Lichen Sclerosus is a chronic autoimmune inflammatory condition causing thinning, hypopigmentation, and scarring, predominantly of the genital and perianal skin. It is associated with intense intolerable itch, often worse at night.
Symptoms:
Itch and Pain: Intense vulvar/perianal itching; burning, soreness, or pain with urination.
Trauma: Recurrent cracking, fissures, purpura, or bruising after minor friction (e.g., tight clothes, wiping).
Functional Issues: Painful intercourse (dyspareunia) or skin tearing; difficulty retracting the foreskin (phimosis) in men; constipation due to fissuring in children.
Associations: Possible co-existing autoimmune conditions (e.g., thyroid disease, vitiligo).
Crucial Note for Darker Skin Tones:
The classic hypopigmented or porcelain-white patches may contrast very sharply with the surrounding skin.
Early inflammation (erythema) may be subtle, appearing instead as violaceous, grey, or brown discoloration.
Post-inflammatory pigment changes (dark brown/ashen areas) are more prominent and persistent after the inflammation settles.
What will it look like? (Examination)
General Pattern: Lesions start as ill-defined red/brown patches and evolve into:
Thin, white, ivory-coloured plaques ("porcelain-like").
Sclerosis (skin tightening) and atrophy (thinning) with a wrinkled appearance (“cigarette paper” texture).
Genital Findings:
Women: Involvement of the labia minora, clitoral hood, perineum, and perianus in a characteristic “keyhole” or “figure-of-eight” shape. The vagina and cervix are typically spared. Scarring can cause resorption of the labia minora and narrowing of the vaginal opening (introital stenosis).

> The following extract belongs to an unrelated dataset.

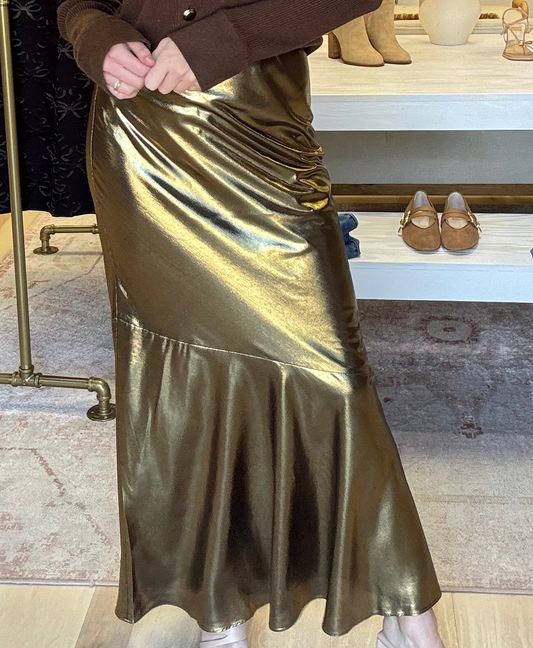 Emily Mccarthy Bias Skirt in Liquid Gold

Men: Affects the foreskin, glans, and coronal sulcus, leading to phimosis and potential meatal narrowing.
Key Examination Nuances in Darker Skin Tones:
Hypopigmentation is highly visible.
Early inflammatory colour is often brown-red, violaceous, or slate grey.
Purpura/bruising may appear very dark purple or black.
Post-inflammatory hyperpigmentation (PIH) is a prominent, long-lasting sequel.
When to Biopsy: Any atypical lesion, non-healing ulcer, or nodule must be biopsied immediately to rule out squamous cell carcinoma (SCC), as chronic, uncontrolled LS carries up to a 5% cancer risk.
How can you help? (Treatment)
Treatment is lifelong, primarily medical, and aims to stop disease progression, prevent scarring, and minimize cancer risk.
1. General Care:
Avoid Irritants: Counsel patients to avoid harsh soaps, fragrances, and tight clothing.
Barrier Protection: Use bland emollients generously (e.g., petrolatum) as barrier protection.
Itch Cycle: Use sedating antihistamines at night to break the itch–scratch cycle.
2. First-Line Treatment (Gold Standard):
High-potency topical steroid: Clobetasol propionate 0.05% ointment (ointment is preferred as it stings less).
Dosing: Daily application for 3 months, then reduced to a maintenance schedule (1–2 times per week) lifelong.
Goal: This therapy stops disease progression, reduces scarring, controls itch, and reduces cancer risk.
3. Second-Line and Refractory Disease:
Steroid-Sparing: Topical Calcineurin Inhibitors (Tacrolimus 0.1% ointment) can be used for long-term maintenance or if steroids cause irritation.
Systemic Agents: Used for severe/refractory cases and require specialist supervision (e.g., Methotrexate, systemic retinoids).
4. Surgical Options:
Men: Early circumcision for foreskin involvement is often curative.
Women: Surgery to release adhesions or correct introital stenosis if scarring causes functional limitations.
Monitoring & Long-Term Care:
Lifelong follow-up is mandatory (every 6–12 months) to check for disease activity, functional issues, and signs of SCC.